The strike has been noted for the close attention paid to public opinion during the dispute. The ambulance unions worked hard to court public approval and conducted polling throughout the strike to judge this. The recent Marchioness disaster of 20 August 1989 reminded the public of the importance of the emergency services, and the ambulance crews' decision to respond to the Deal barracks bombing of 22 September 1989 was well received. The unions' efforts to ensure emergency cover was preserved was judged to be key to maintaining public approval. It was also noted that Poole's calm demeanour was well received by the public, but Clarke's brusque manner and confrontational negotiation style led him to be perceived as a bully.
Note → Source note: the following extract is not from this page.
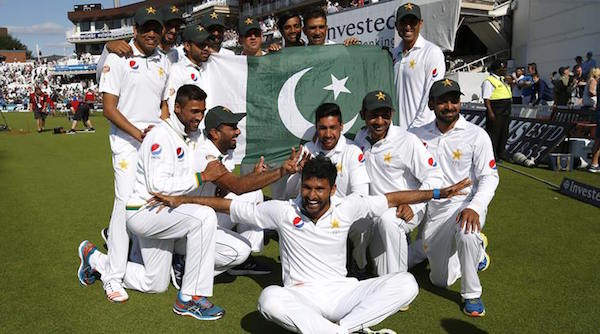 England v Pakistan - Fourth Test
The government attempted to mobilise public opinion against the strike by briefing the press on alleged incidents in which ambulance crews had refused to respond to emergencies. They included claims, later proved to be false, that a crew in Becontree had refused to respond to a call about a newborn baby found in a ditch; that another crew refused to attend a call out to a man with a severed foot and that one West Midlands ambulance station refused to provide emergency coverage for 48 hours. Clarke was questioned over the false claims in Parliament, when they ceased. Another public relations move was implemented on 17 November; the government's pay offer of 6.5% over 12 months was amended to 9% over 18 months. While having little cost impact that appeared more generous. The Department of Health also took out full-page advertisements in national newspapers from 27 November, ostensibly to provide information on ambulance coverage but largely an attempt to sway public opinion. The unions judged that they were ineffective. Opinion polls conducted during the strike showed public support of around 80% in favour of strikers, including support of 75% among Conservative voters. At its highest, only 10% of the public supported the government.

It was judged that the unions' appointment of Poole as a single spokesman and negotiator was a good move, especially compared with the government's fragmented response. A number of different spokesmen acted for the government and sometimes gave contradictory briefings, which led to a public perception of a lack of co-ordination and competence. The Labour Party was steadfast in its support for the strike, but there were splits in the Conservative Party, encouraged by lobbying from the unions. Some Conservative backbenchers spoke with Clarke privately to suggest for him to agree a resolution to the strike. The Labour Party attempted to capitalise on that by raising a debate in Parliament on the government's handling of the strike. That had the opposite effect, as Conservative MPs rallied to support the government.